Desde los años 40 fueron creciendo las voces de los pensadores desde dentro de la Iglesia que pedían con tenacidad un lavado de cara de nuestra madre la Iglesia. La situación mundial estaba cambiando. Se extinguía el colonialismo y se revalorizaban a la vez las culturas locales. El mundo se descentralizaba de Europa y caminaba hacia la globalización poco a poco. A esto contribuía una economía de mercado en la que ciencia, técnica e industria crecían simbióticamente de forma vertiginosa. La difusión de la Televisión y de los medios de comunicación repercutía cada vez más en la vida social. Las costumbres cambiaban. Imperaba el modelo urbano de sociedad y eso hacía cambiar las mentalidades de las personas, los modelos de familia y también el comportamiento social. La incorporación de la mujer al trabajo y la vida pública a partir de la segunda guerra mundial, así como la creación de más “necesidades” para las clases medias urbanas provocó que la concepción de la vida fuera cambiando radicalmente.
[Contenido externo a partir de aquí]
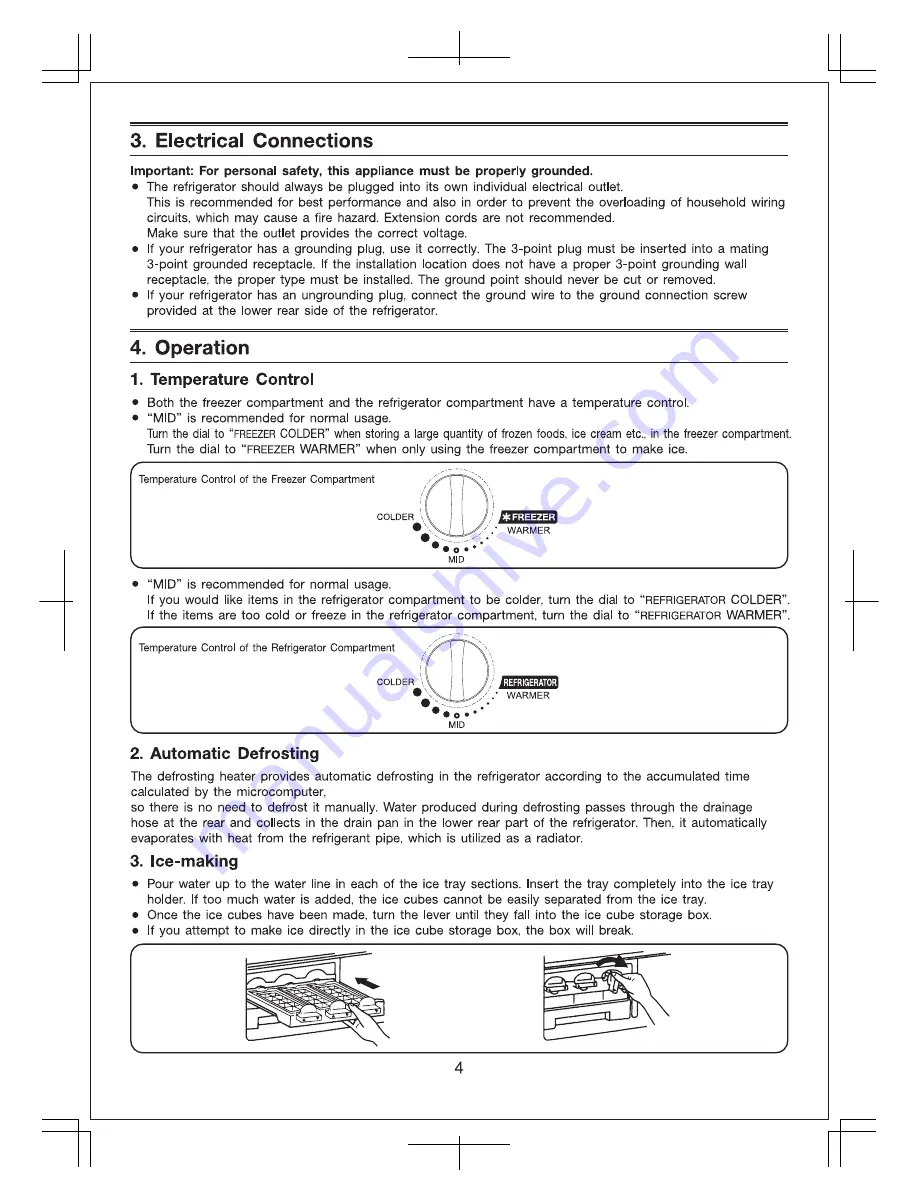 Mitsubishi MR-508C Operating Instructions Manual Download Page 4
La Iglesia lo sufría también en su interior, porque las masas de creyentes modificaban sus mentalidades y notaban el distanciamiento con una institución rígida, muy centrada en los grandes rituales y las normas eclesiales. Una estricta jerarquía que mantenía a los fieles fuera de las decisiones comunitarias y a las mujeres en la trastienda de las parroquias.
Y sin embargo, esas voces seguían levantándose. Volvían a discutirse temas inconclusos, como la crisis modernista, que había traído de cabeza a la Iglesia del XIX, la renovación de una teología que todavía hablaba en categorías medievales y el acercamiento al mundo moderno como único lugar de salvación del ser humano. Aquellos hombres proclamaban una Iglesia para el mundo y no cerrada al mundo. Evidentemente esto no fue un camino de rosas. H. de Lubac, Daniélou, Chenu, Congar, incluso Theilard de Chardin fueron retirados de sus trabajos, y obligados a callar y a no enseñar públicamente, retirar del ámbito eclesial sus intuiciones sobre la organización de la Iglesia y su misión1.
Al mismo tiempo se publicaba la encíclica “Humanis generis” que volvía a defender la inmutabilidad dogmática del papa, la inerrancia de la Escritura y la validez de la escolástica medieval, sin tener en cuenta la vorágine de los tiempos modernos y manteniendo su postura inflexible ante los descubrimientos de la ciencia en materia de evolucionismo. Mantener esta postura aún a mitad del siglo XX (1950) era demostrar que era evidente la necesidad de un cambio profundo en el modo de mirar y comportarse de la Iglesia en este mundo.
En este tira y afloja constante, el Espíritu iba a soplar por otro lado.